Warum probt Gockel ein Stück über Joseph Roth im Kriegsgebiet? Im Frühjahr 2023 inszeniert er „Green Corridors“ der ukrainischen Autorin Natalka Vorozhbyt an den Münchner Kammerspielen. Als das Stück kurz darauf in Kiew auf die Bühne kommt, reist Gockel hin. Maksym Golenko, der Regisseur, ist beeindruckt. Er lädt den Deutschen ein, in Lwiw zu arbeiten, wo er gerade das Nationaltheater übernommen hat. So entsteht mit „Who the fuck is Joseph Roth?“ eine erste Annäherung auf der kleinen Bühne. Doch Gockel plant Größeres: eine Koproduktion zwischen Wien und Lwiw.
Wir wollen zeigen, wie sich die beiden Städte aufeinander zubewegen“, sagt Gockel. „Ukrainomania“ ist eine wechselseitige Befragung zwischen Wien und Lwiw, mit dem in Identitätsfragen notorisch unzuverlässigen Roth als Vehikel. Der schrieb in den 1920ern als Feuilletonist und Reisereporter über die „Ukrainomanie“, die exotistische Begeisterung für den ukrainischen Nationalismus in Metropolen wie Wien und Berlin. Roth hingegen fürchtete eine Bedrohung für das utopische Vielvölkergemisch Galiziens. Seinen seismografischen Sinn für kommende Katastrophen bringen Gockel und Philipp als Revue auf die Bühne. Für sie ist Roth kein Nostalgiker, sondern ein hochaktueller Experte für Zusammenbruchsszenarien.
Roth wird in „Ukrainomania“ von Bernardo Arias Porras gespielt. Bereits im April war der 36-jährige Schauspieler vom Volkstheater einige Tage in Lwiw. Es war Frühling – und der Beginn des vierten Kriegsjahres. Er sah junge Frauen in luftigen Kleidern neben Männern ohne Gliedmaßen. Mit Gockel und Philipp war Porras auch in Roths Geburtsstadt Brody, knapp 90 Kilometer entfernt. Der riesige jüdische Friedhof und die verfallene Synagoge sind die Ruinen der längst zerstörten Welt von Roths Kindheit. Heute werden dort, wie Porras erzählt, Drohnenbausätze zusammengesetzt. Von Hausfrauen in Waschkellern, aber auch von Kindern im Kindergarten – fast wie Lego.

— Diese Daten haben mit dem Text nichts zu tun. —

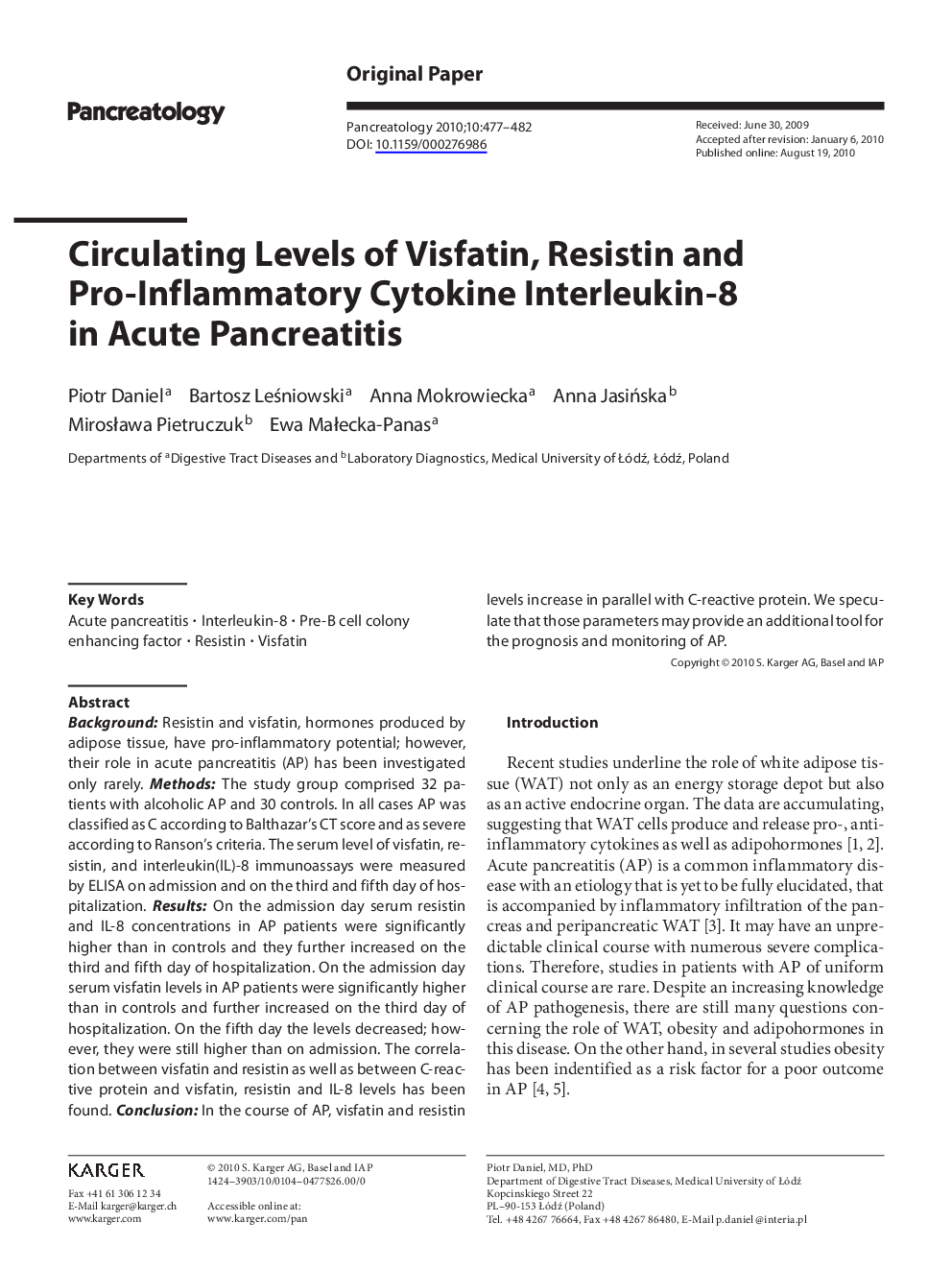 Circulating Levels of Visfatin, Resistin and Pro-Inflammatory Cytokine Interleukin-8 in Acute Pancreatitis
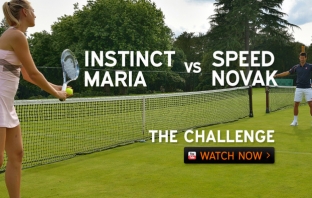 Instinct vs Speed / Novak Djokovic vs Maria Sharapova: Sharpshooting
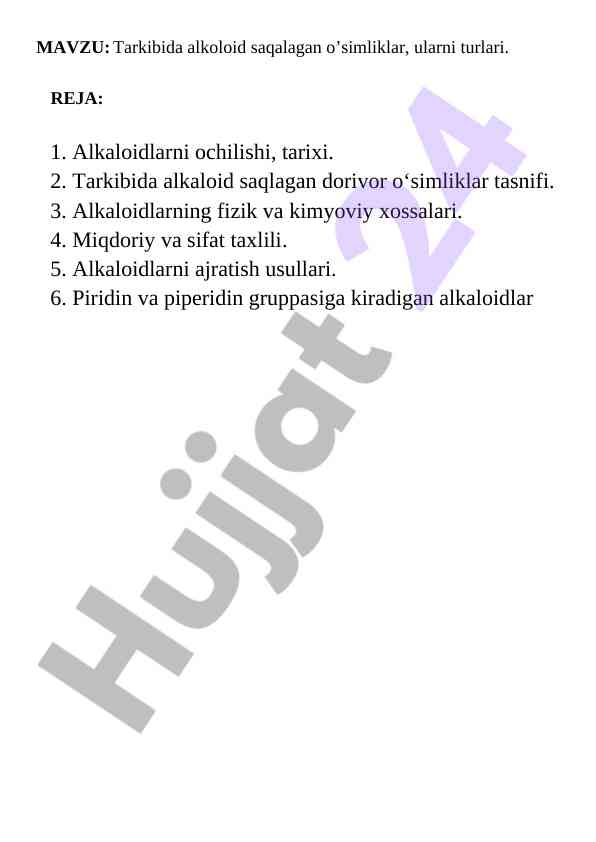 Tarkibida alkaloid saqalagan o‘simliklar ularni turlari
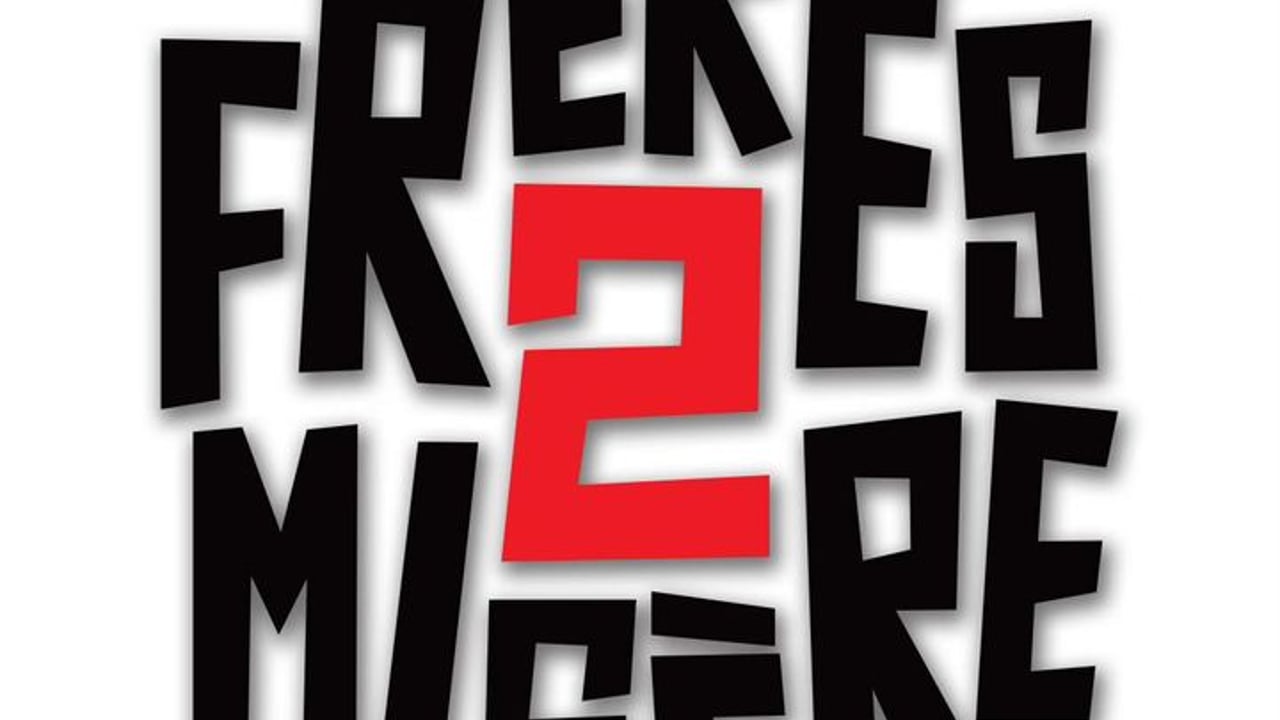 Frères 2 Misère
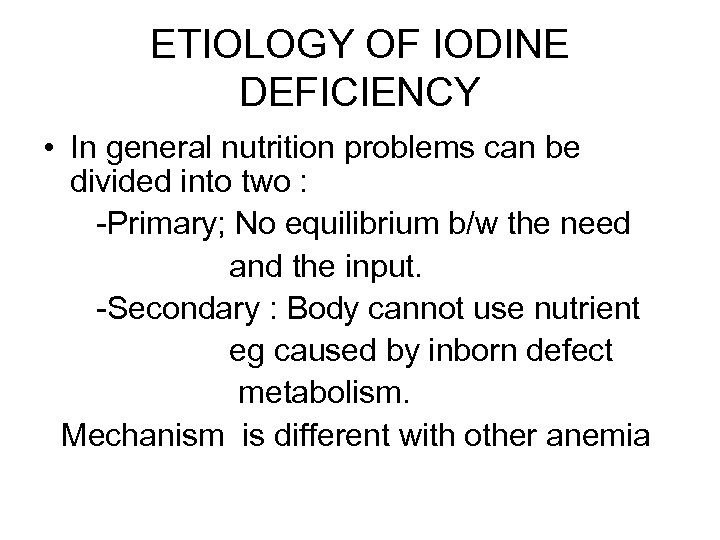 ETIOLOGY OF IODINE DEFICIENCY • In general nutrition problems can be divided into two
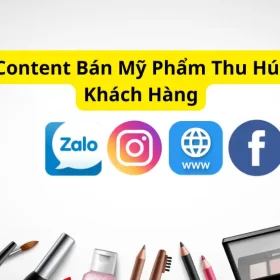 Cách Viết Content Bán Mỹ Phẩm Thu Hút Khách Hàng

In seiner Rolle als Roth trifft Porras in einem alten Café auf seinen ukrainischen Übersetzer Jurko Prochasko. Prochasko lobt Roth als Chronisten turbulenter Zeiten, den er literarisch in seine galizische Heimat zurückholen wolle. Der 45-Jährige mit stechendem Blick arbeitet außerdem als Psychoanalytiker. Seine Großmutter hörte als Medizinstudentin in Wien noch Vorlesungen von Sigmund Freud persönlich. Auch Prochasko wurde in Österreich ausgebildet, ist viel hin- und hergereist. Bei Roth wäre er aber an seine Grenzen gekommen: „Ich behandele keine Suchtmenschen.“ Heute hat Prochasko in seiner Praxis täglich mit der seelischen Zerstörung des Krieges zu tun.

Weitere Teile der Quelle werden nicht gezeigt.